In the DOJ’s election interference case against former President Donald Trump, the requirement by Judge Tanya Chutkan that Trump’s legal team must reveal whether it will be using a certain type of defense sounds peculiar to those whose legal education comes mainly from TV and movies.
On screens, the element of surprise — a dramatic staple — is almost always a part of any courtroom scene. So in real life, why must the defense tip its hand, revealing in broad strokes what it plans to argue?
Former U.S. Attorney Barbara McQuade gives a very succinct description of the reason that — in the real world unlike on TV — procedural matters compel the disclosure of certain future defenses. The reveal is necessary in this case because an “advice-of-counsel” defense changes the scope of discovery, the production of materials (for both sides) that are necessary in the case.
It also changes, as McQuade writes, the treatment and admissibility of certain evidence. An “advice-of-counsel” defense opens communications between the defendant and counsel to examination by the prosecution.
This is big and appropriate. If Trump plans to use advice of counsel defense at trial in election interference case, he waives attorney-client privilege and must turn over documents to prosecution. He can’t have it both ways.
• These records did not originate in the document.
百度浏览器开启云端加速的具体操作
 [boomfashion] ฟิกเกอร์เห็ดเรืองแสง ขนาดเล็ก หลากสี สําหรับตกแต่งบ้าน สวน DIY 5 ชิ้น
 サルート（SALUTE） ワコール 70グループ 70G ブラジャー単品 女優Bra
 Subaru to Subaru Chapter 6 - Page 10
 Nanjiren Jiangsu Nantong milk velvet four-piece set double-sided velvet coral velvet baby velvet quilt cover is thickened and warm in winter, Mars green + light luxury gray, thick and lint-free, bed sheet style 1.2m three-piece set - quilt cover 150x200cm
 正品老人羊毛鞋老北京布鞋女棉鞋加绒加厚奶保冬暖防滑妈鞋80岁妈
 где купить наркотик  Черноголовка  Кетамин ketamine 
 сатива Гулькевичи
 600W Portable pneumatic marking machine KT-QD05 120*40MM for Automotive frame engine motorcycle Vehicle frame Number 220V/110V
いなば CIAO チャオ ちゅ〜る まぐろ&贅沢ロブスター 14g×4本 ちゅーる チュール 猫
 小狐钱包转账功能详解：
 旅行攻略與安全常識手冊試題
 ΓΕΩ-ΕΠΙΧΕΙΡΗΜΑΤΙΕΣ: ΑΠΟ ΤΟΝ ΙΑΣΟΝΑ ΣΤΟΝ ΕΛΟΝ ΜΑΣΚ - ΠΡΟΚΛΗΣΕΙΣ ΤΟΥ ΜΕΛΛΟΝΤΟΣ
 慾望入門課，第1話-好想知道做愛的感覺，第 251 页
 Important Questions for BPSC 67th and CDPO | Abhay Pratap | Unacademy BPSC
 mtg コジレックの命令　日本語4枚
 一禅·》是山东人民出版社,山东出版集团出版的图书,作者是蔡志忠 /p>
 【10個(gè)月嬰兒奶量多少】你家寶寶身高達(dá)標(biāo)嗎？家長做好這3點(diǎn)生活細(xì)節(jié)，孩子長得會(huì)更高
Good day for the rule of law. https://t.co/6DCrEN65gP
— Barb McQuade (@BarbMcQuade) November 8, 2023
As McQuade says: “If Trump plans to use advice of counsel defense at trial in election interference case, he waives attorney-client privilege and must turn over documents to prosecution.” Chutkan has required Trump to disclose whether he intends to use the advice-of-counsel defense by January 15.